» Crawled caption data:
________

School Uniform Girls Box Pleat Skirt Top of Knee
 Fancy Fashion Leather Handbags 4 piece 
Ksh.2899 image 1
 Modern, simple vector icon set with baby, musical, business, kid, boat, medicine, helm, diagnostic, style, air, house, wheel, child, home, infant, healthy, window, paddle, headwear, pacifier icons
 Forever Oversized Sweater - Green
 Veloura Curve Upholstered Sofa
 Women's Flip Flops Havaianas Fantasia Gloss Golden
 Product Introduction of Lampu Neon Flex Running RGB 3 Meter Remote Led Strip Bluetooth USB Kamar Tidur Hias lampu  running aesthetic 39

________

» TASK OBJECTIVE: Once the line with "Veloura Curve Upholstered Sofa" is located in the data above, repeat it and every later line through the end, exactly.

» TASK OUTPUT:
 Veloura Curve Upholstered Sofa
 Women's Flip Flops Havaianas Fantasia Gloss Golden
 Product Introduction of Lampu Neon Flex Running RGB 3 Meter Remote Led Strip Bluetooth USB Kamar Tidur Hias lampu  running aesthetic 39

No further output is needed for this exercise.